# Hubby agreed to separate and divorce



## Sensitive (Mar 29, 2009)

For the past month, I was going crazy trying to plan a divorce. I really wanted out of the marriage, and I knew he really didn't. He was very angry, and I was very fearful. 

My plan was to get full custody of two kids, get child support, and sell the house, and I get all the profit (if any). This seemed fair because I make 1/3 of his salary, but I drained my savings of over 100,000 by working parttime, by contributing half of mortgage and expenses. Hubby has rarely watched the kids more than 2 hours per day.

His problem with that is he will be lonely, he can't afford to standard child support and finance his daughter through college. I calculated the child support to be about half his salary. He also loses out on any profits from the house.

His plan is to each take one kid. He gets the 7 yr old son, I get the four year old son. We swap kids and let them be together on some days. Neither of us gives child support. I have to pay full mortgage since he will give me the house and move out as soon as he finds an apartment.

My problem with that is I will truly miss out of my 7 yr old's life. And he will miss me. I worked extremely hard to provide for him, as he has behavioral special needs. I worry if he is capable. I need the child support, since Hubby ruined my goal of being a stay-at-home mom. I supposed if I quick sell or short sell the house, I may make a profit, but I am stuck in huge debt until I sell.

But at least he won't contest the divorce and rack up huge attorney fees. So I should be happy that I can rebuild my future? I am slightly relieved that this nightmare will end. 

Should I sacrifice full custody and child support only to get an uncontested divorce? I honestly was ready to give in and stay in the marriage because the tension was killing me. At least I can relax a bit because Hubby is sad and calm instead of angry and scary.


----------



## StrongEnough (Nov 25, 2008)

I would pay any amount of money and go through a contested divorce to have my children as much as possible (they do need to see their dad). I would never pick one child or the other. You should think about the long term consequences of this on the child.


----------



## hideandseek (Sep 21, 2009)

I would speak to a child psychologist before you split up two siblings at such a young age. That to me is the most frightening thing about your plan. 

You aren't splitting up the wedding china here: you get the gravy boat and I'll take the meat platter. These are children that you are ripping from each other during what will be the most traumatic experience of their lives: the dissolution of their family, the LAST thing they need is to lose the comfort and support of their sibling, the only other person in the world that knows what they are feeling.

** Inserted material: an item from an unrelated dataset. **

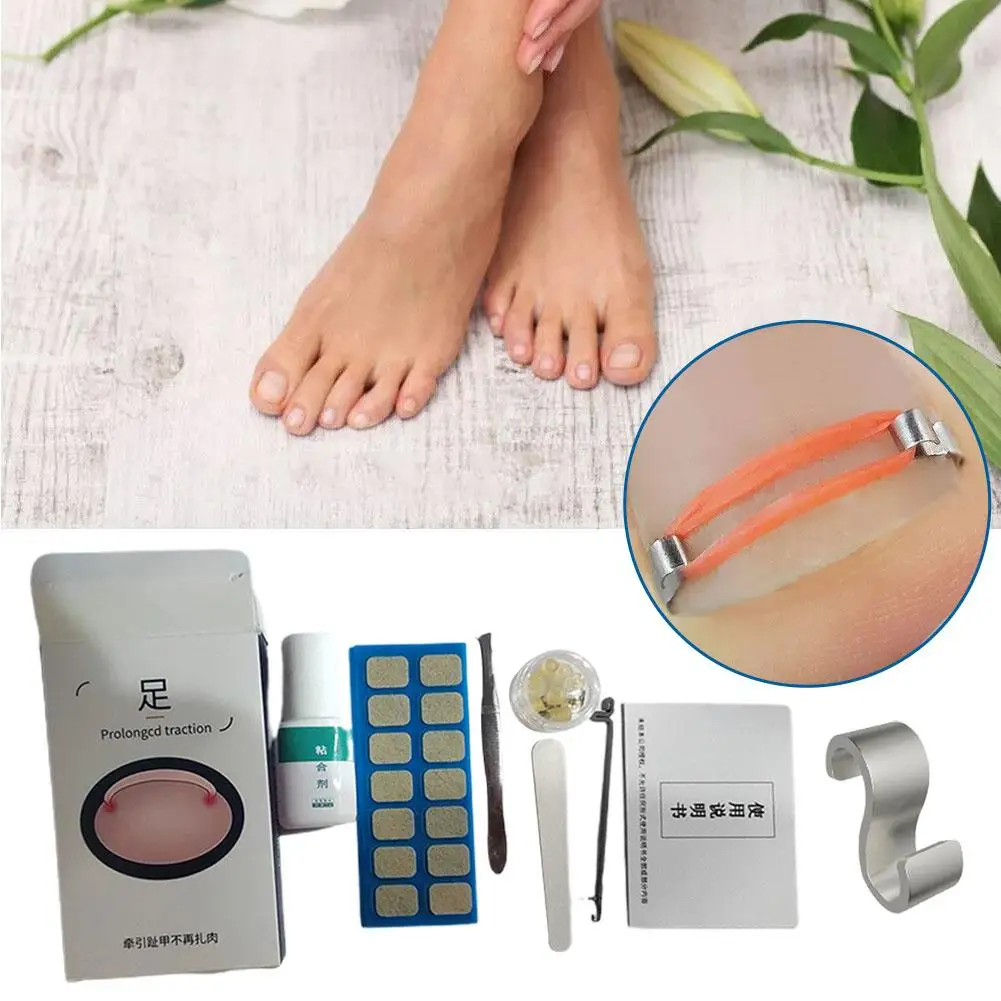 Nail Groove Ingrown Toenail Corrector Comfortable Conductive Ingrown Toenail Restore Natural Shape Nail Socket Orthotics Care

I can't think of a more irresponsible parenting move. I'm sorry, I wish I could be anything but horrified by such a notion.


----------



## Sensitive (Mar 29, 2009)

I just couldn't bear losing custody of one son, even only parttime. I reconsidered and will reconcile. Please follow my new thread. 

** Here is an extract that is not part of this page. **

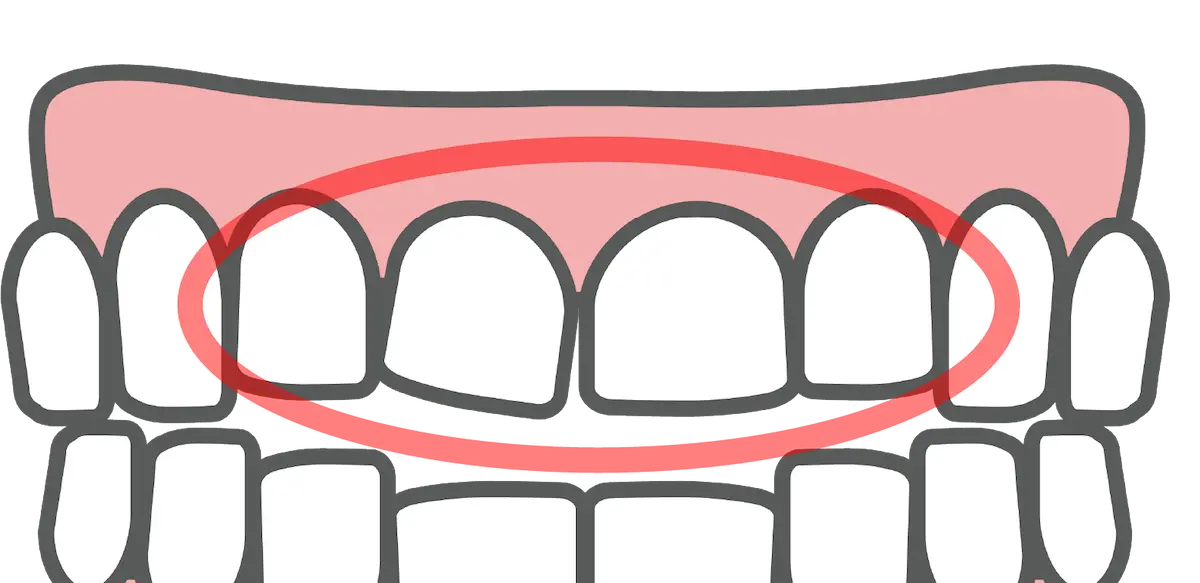 歯の形や色が気になる｜東京都港区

http://talkaboutmarriage.com/reconciliation-stories/8130-my-heartfelt-story-still-progress.html


----------



## Corpuswife (Apr 24, 2009)

My parents, upon their divorce, each took a child. I was 14 and my brother 6. BAD MISTAKE! SELFISH MISTAKE! I love my brother and he loved me. We never were fully bonded like the way siblings are...I realize that not all get along. That is part of the bonding process. 

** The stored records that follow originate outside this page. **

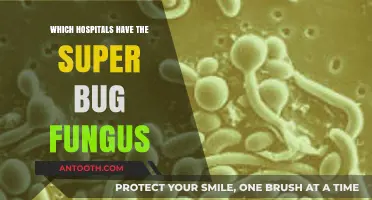 Superbug Fungus Outbreaks: Which Hospitals Are Affected and Why?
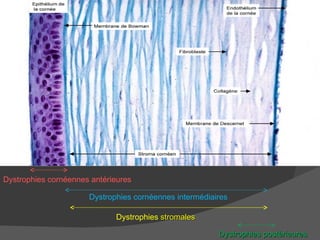 Dystrophies cornéennes antérieures Dystrophies cornéennes intermédiaires Dystrophies  stromales Dystrophies postérieures 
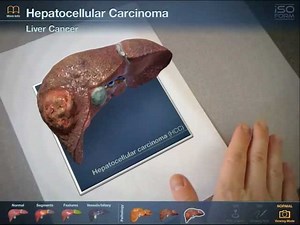 INTERACTIVE - Augmented Reality Liver Viewer: Anatomy App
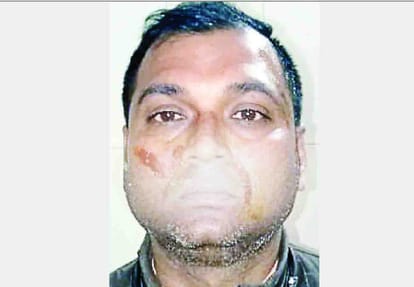 Nurse's husband and youth beat each other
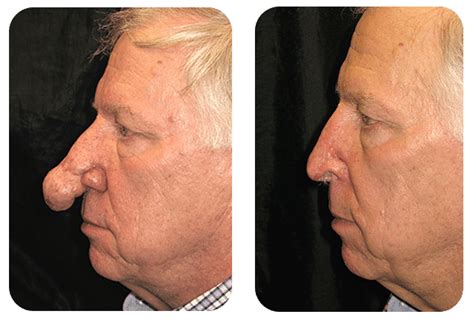 Rhinophyma Treatment & Removal Austin, Texas | CTD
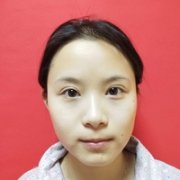 杭州新友好整形医院正规吗?技术如何? width=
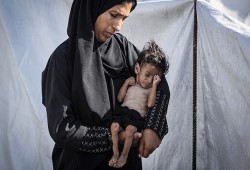 4 شهداء اليوم بسبب التجويع في غزة والعدد يرتفع إلى317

I am sorry to say, when you and your spouse are dead and buried...who will they have? Hopefully each other. 

With my brother and I...we haven't seen each other in 15 years. No hard feelings...he's a nice guy. But really a distant friend. 

I lived with my mother and did not have good relationship with my father. I don't see him at all now.

I would think twice regarding separating the children.


----------